What is the company doing to address climate and water risks?
It is removing metals from water solutions, averaging 17% year-over-year since 2019. It realized a 22% increase in metal removal in 2020 and 2021. For example, its Roseville, Minnesota, location removes dissolved heavy metals from various rinse water and wastewater streams so that they can recycle them, avoiding landfills. “Removing these heavy metals makes the water safe for our customer processes.”

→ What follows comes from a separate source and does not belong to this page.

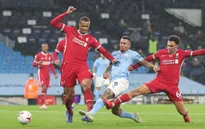 Man City 1-1 Liverpool: Trận hòa kịch tính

— It regenerated 96,842 tons of resin for reuse in 2021, avoiding the purchase of virgin resin and associated disposal.
— It prevented 12,924 tons of reactivated carbon from entering landfills.
Evoqua also opened a Sustainability and Innovation Hub in 2021. The new facility advances and develops cutting-edge and sustainable water treatment technologies to address climate and water risks.
“While we withdraw approximately 1.5 million gallons of water daily within our facilities, we also transform approximately 100 billion gallons for our customers daily. By transforming approximately 100 billion gallons of water a day for various end markets, we have the opportunity to help our customers build more environmentally and socially responsible water systems,” says Snehal Desai, executive vice president and sustainability officer at Evoqua.
The company had previously been known as Siemens Water Technologies LLC. It became Evoqua Water Technologies LLC in 2013.